The Fortitude Chronicle: A Weekly Digest of Athletic Determination

Welcome to The Fortitude Chronicle, a weekly newsletter devoted to helping you enhance mental fortitude and conquer life's challenges.

In this week's edition, I discuss earning your identity in difficult moments.

We always invite our readers to share their own unique perspectives. If you're inspired and wish to contribute your own experiences or reflections, we encourage you to reach out. The opportunity to ghost write and bring fresh insights to our community is always open.

The Playbook

Monday Momentum

For the Relentless Mind

How External Conditions Reveal Your Real Identity

An elite athlete sat across from me last week, visibly tense. Just hearing their coach's voice made them lose control.

"I can't stand them. Everything they say pisses me off. I can't perform like this."

This is more common than you think. The player-coach disconnect isn't just frustrating—it's performance-killing. When you can't separate the messenger from the message, you're not just struggling with your coach. You're struggling with yourself.

Here's what most athletes miss: Your reaction to your coach isn't really about your coach.

It's about the gap between who you are and who you want to become.

The Question No One Asks

I asked this athlete something they hadn't considered:

"Did you try to understand your coach's perspective?"

Silence.

Then I asked the real question:

"What would the version of who you want to become do in this situation?"

Not who you are right now—frustrated, reactive, losing control at the sound of their voice.

Who you want to become.

The athlete who doesn't let external conditions dictate internal performance. The athlete who controls what they can control. The athlete who earns respect by being undeniable.

That question changed everything.

Because here's the truth most athletes don't realize: Identity isn't given.
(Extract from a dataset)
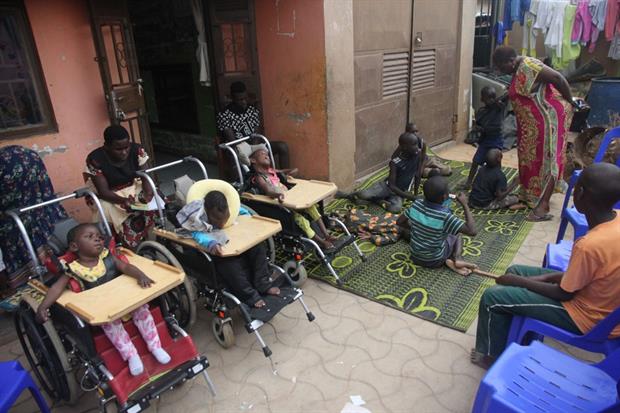 Bambini disabili ospiti del Centro a Katoogo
It's earned through the accumulation of actions in moments exactly like this one.

The Real Problem

When you can't stand your coach, you're operating from your current identity—the one that's triggered, reactive, and externally controlled.

But elite performers don't build their identity around what happens to them. They build it around how they respond.

Clint Hurdle, former MLB manager, told me something on the podcast that applies here: "Effective coaching requires ensuring players actually hear feedback, not just nod in agreement".

But here's the flip side—effective playing requires hearing feedback even when you hate the person delivering it.

Your coach might be wrong about you. They might be a terrible communicator. They might not understand you at all.

But your response to that situation is the only thing that defines you.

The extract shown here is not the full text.